When recovery occurs:

The nflow_workflow.executor_id is cleared.
The workflow instance becomes eligible for re-execution. This is why it's important to ensure that state implementations are idempotent.
A workflow instance action is generated, which allows you to track recovery events.

Recovery Trigger

By default, recovery is triggered when an executor's heartbeat (nflow_executor.active) is delayed by more than 900 seconds (15 minutes). This interval can be configured using the nflow.executor.timeout.seconds property.

Recovery Check Frequency

Each executor checks for workflow instances eligible for recovery when it updates its heartbeat. By default, this happens every 60 seconds, and can be adjusted using the nflow.executor.keepalive.seconds property.

State Persistence After Recovery

Executors will attempt to persist the state after workflow execution indefinitely, unless the workflow instance has been recovered by another executor. In such cases, the state update from the original executor is ignored, and a warning is logged.

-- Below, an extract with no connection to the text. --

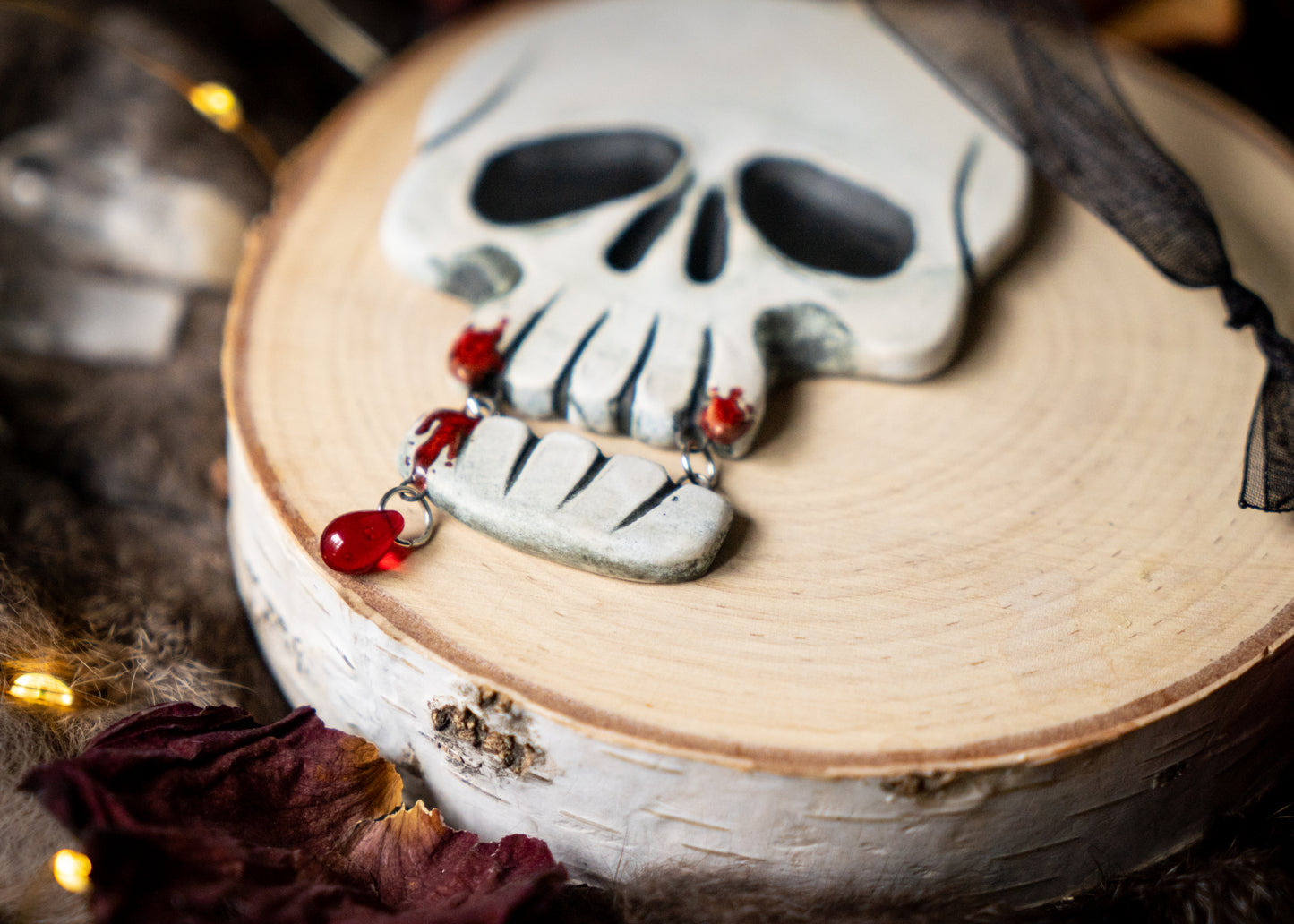 Vampire Skull With Hanging Jaw and Drip Ornament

Example Scenario: Database Unavailability

Single Executor

If the database becomes unavailable, a single executor will continue trying to persist the state indefinitely once the database is available again.
If the executor is restarted during the outage, it is treated as a new executor (with a new ID). The workflow instance will then be recovered according to the configuration mentioned above.

Multiple Executors

If only one executor loses access to the database, other executors will recover its locked workflow instances according to the recovery process.
If all executors lose access to the database, a race condition could occur. There’s no guarantee that the pending state update will complete before recovery. However, it is guaranteed that the workflow instance state will be processed at least once (hence the importance of idempotent state implementations).